About two weeks ago, I challenged the following brief statement by Arnold Kling:

We can also find this normative analysis among libertarians. Blaming terrorism on blowback for foreign intervention.

Arnold was claiming that many libertarians are finding government intervention in other countries’ affairs to be one of the main factors in the terrorism directed against people in the countries whose governments are intervening, and that they were finding it because that’s what they were looking for and were leaving out other plausible explanations.

Arnold replied here and I replied to him here.

Unfortunately, Arnold hasn’t yet given any other plausible explanations for terrorism, of which there may be many.
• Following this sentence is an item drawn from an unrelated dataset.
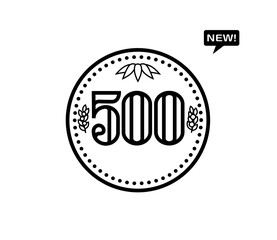 日本のお金 新500円硬貨 イラスト ベクター.  Japanese money. New 500 yen coin. Illustration. Vector.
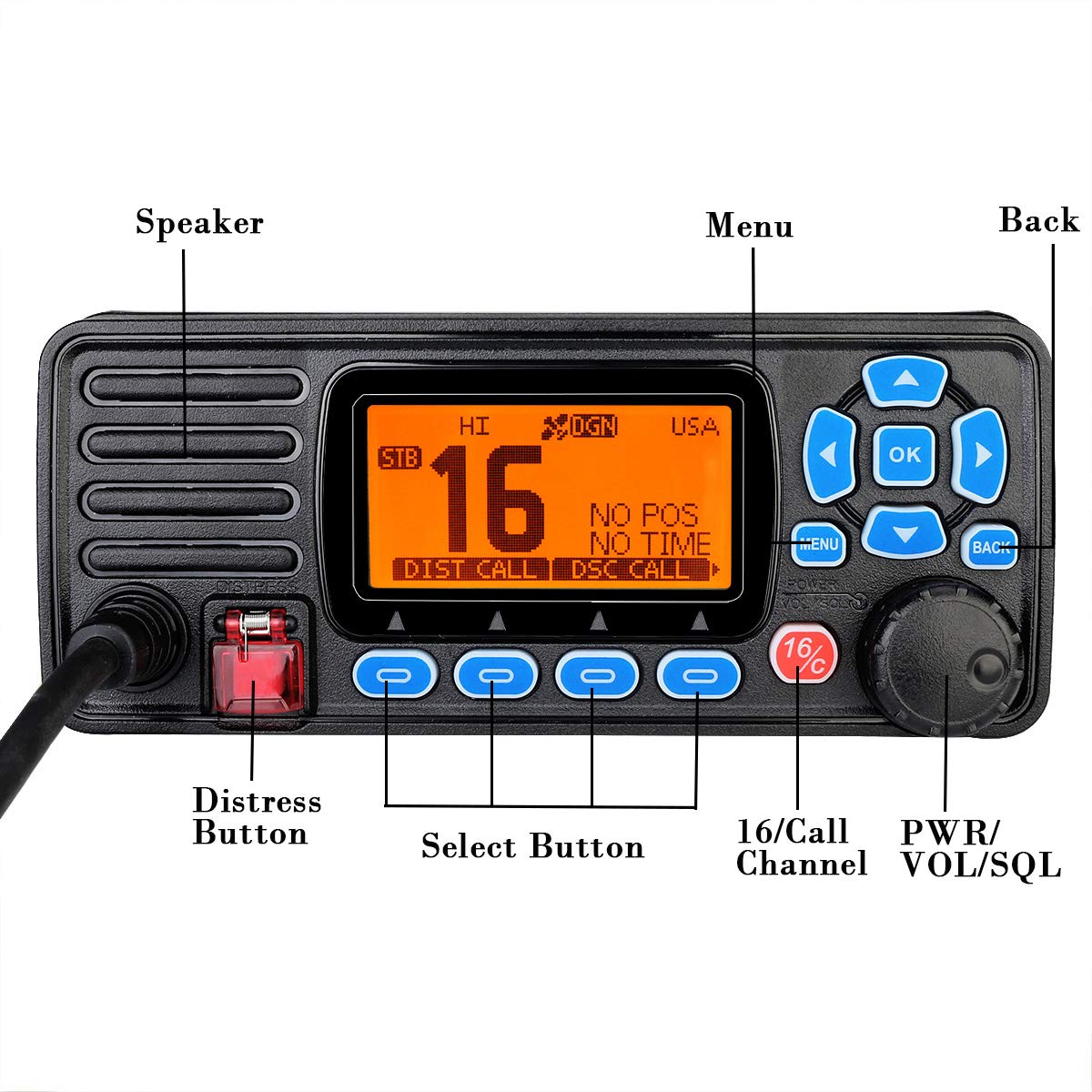 Retevis RA27 Marin Émetteur-récepteur, IP67 Étanche Talkie Walkie, Class D DSC, GPS, 88 Chaînes, Dual/Tri-Watch, Radio VHF Marine Fixe pour Yachts, Marinas (1 Pièce, Noir)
I must say that I’m skeptical of the “they hate us for our freedom” explanations because there haven’t been many terrorist attacks on countries that are arguably freer, such as Switzerland.

So it was interesting to find Megan McArdle making the same point I made–namely that government intervention is a major factor in home-grown terrorist attacks on Americans–and not only doing so, but doing it so matter-of-factly.
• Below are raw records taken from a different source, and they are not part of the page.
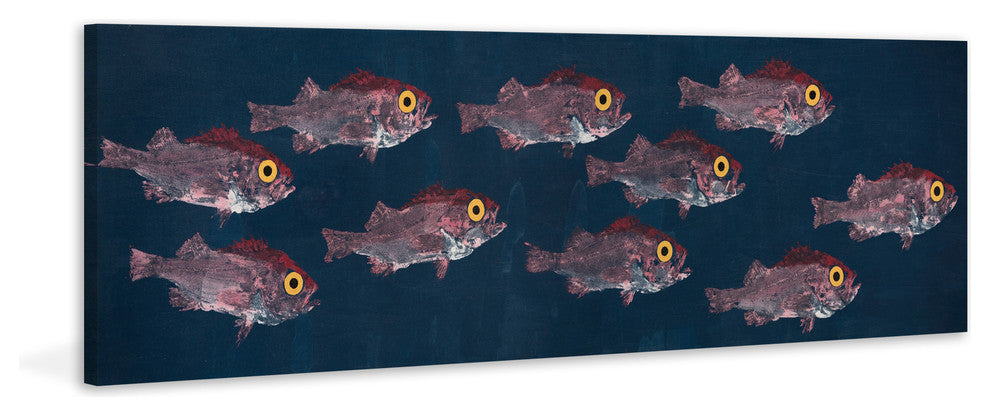 "Splitnose Rockfish" Painting Print on Wrapped Canvas, 30"x10"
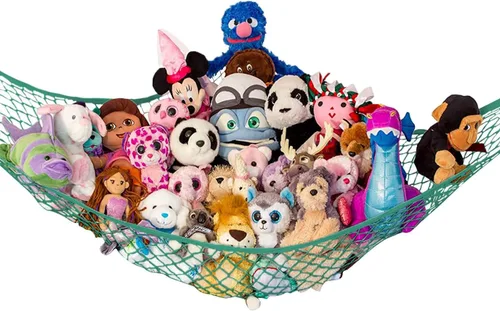 Vista 10 de Hamaca para animales de peluche, grande, almacenamiento de animales de peluche en esquina y red de peluche, hamaca de juguete para animales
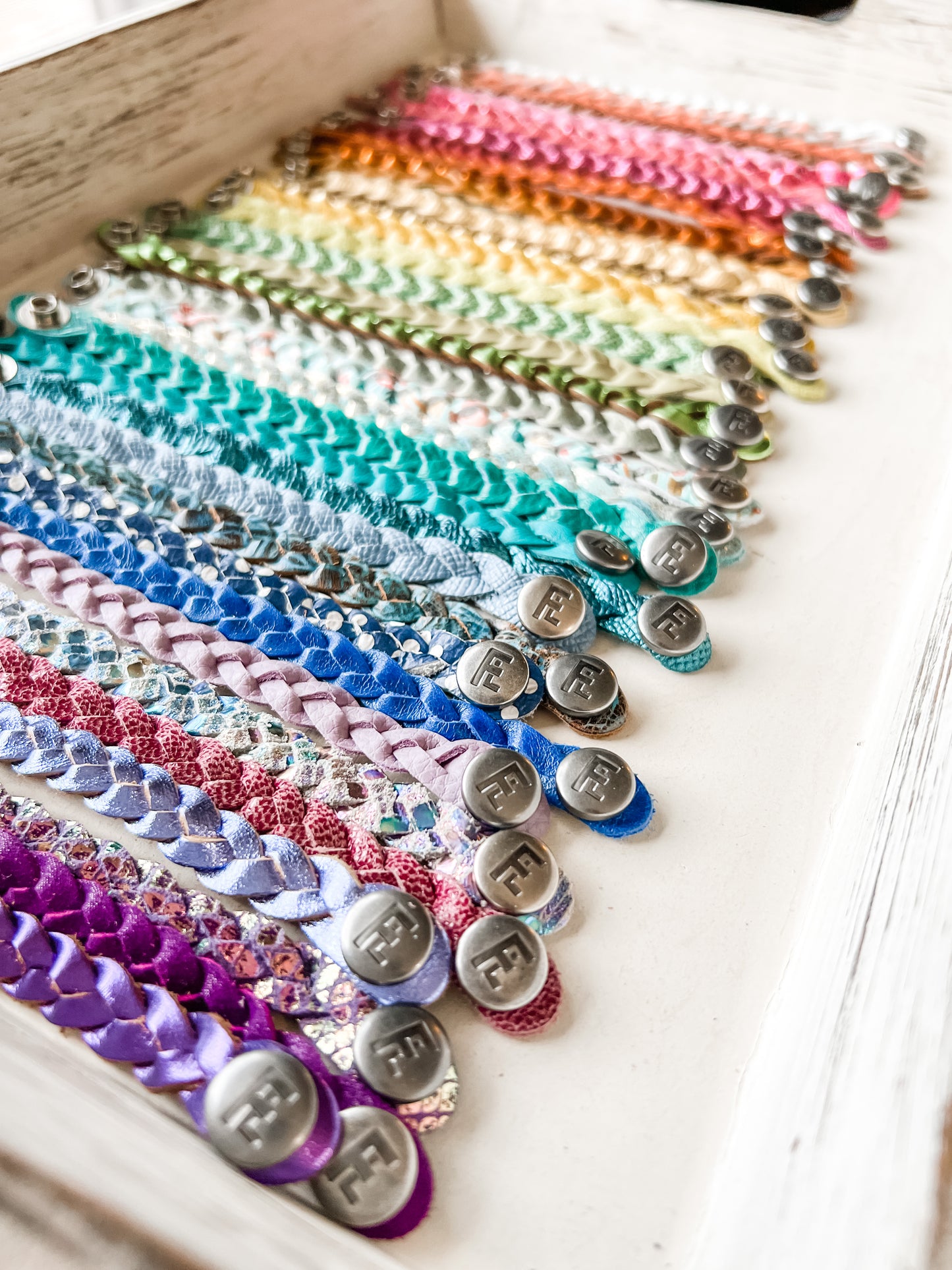 Braided Leather Bracelet / Periwinkle Shimmer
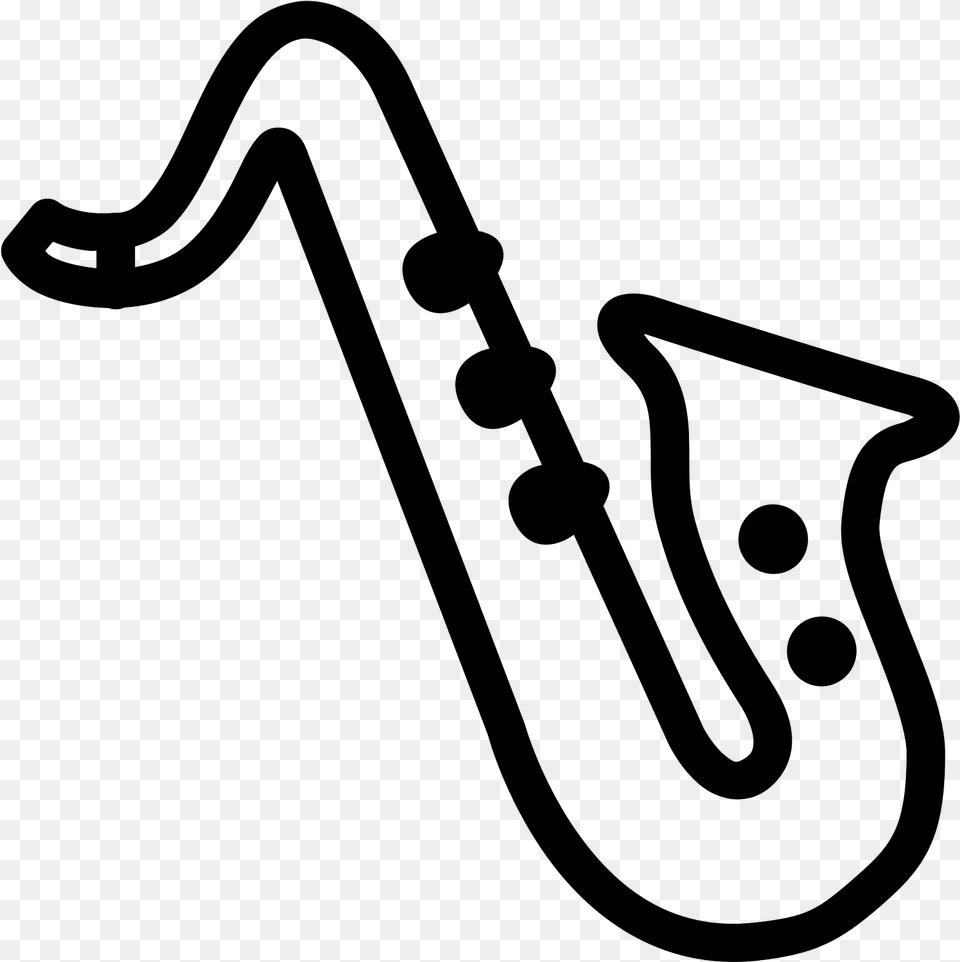 Saxophone Easy To Draw Clipart Download Easy To Draw Saxophone, Gray Free Transparent Png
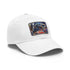 London Underground watercolor baseball cap in white with light brown patch.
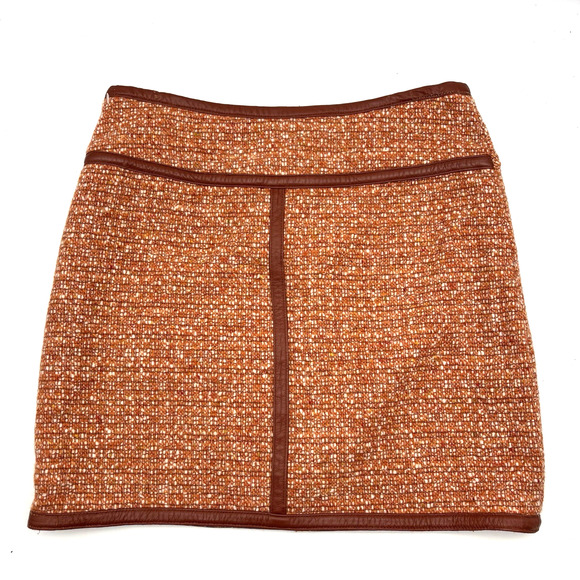 ABS Allen Schwartz Orange Wool Tweed Leather Trim Mini Skirt 12 29x16" USA Made - Picture 1 of 13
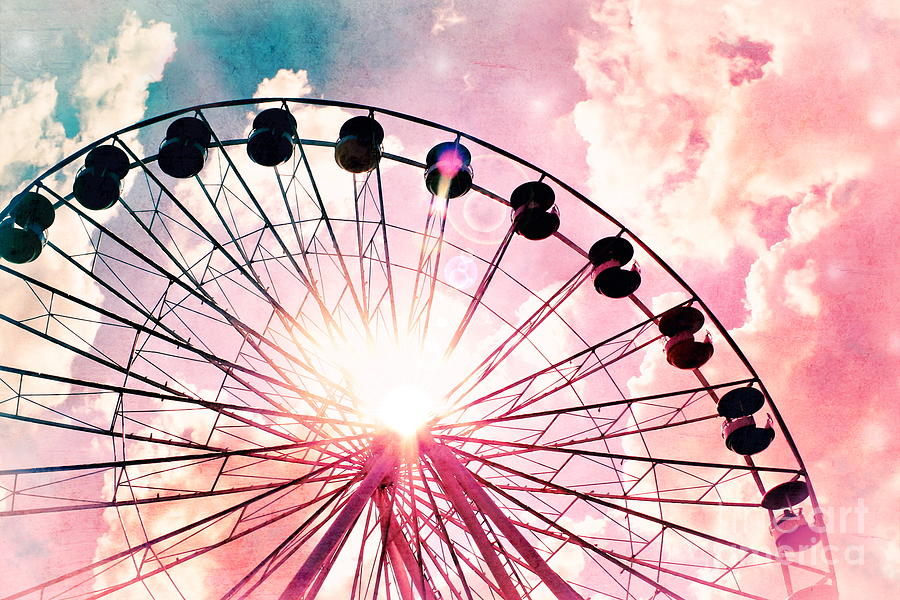 Fantasy Photograph - Ferris Wheel in Pink and Blue by Colleen Kammerer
In a June 30 article debunking the idea that right-wing terrorism is an important phenomenon in the United States, McArdle writes:

The other thing to ask is how we’re defining a terror event and classifying the motivation. I took a little stroll through the underlying data, and on the “jihadist violence” side, the definition is pretty clear: with the exception of one case in which a Muslim who seemed fond of jihadist propaganda beheaded a coworker for reasons that are not entirely clear, the rest of the attacks involved someone with an ideological commitment to radical Islam trying to kill a bunch of people in a way that made it clear that this was about U.S. foreign policy in the Middle East.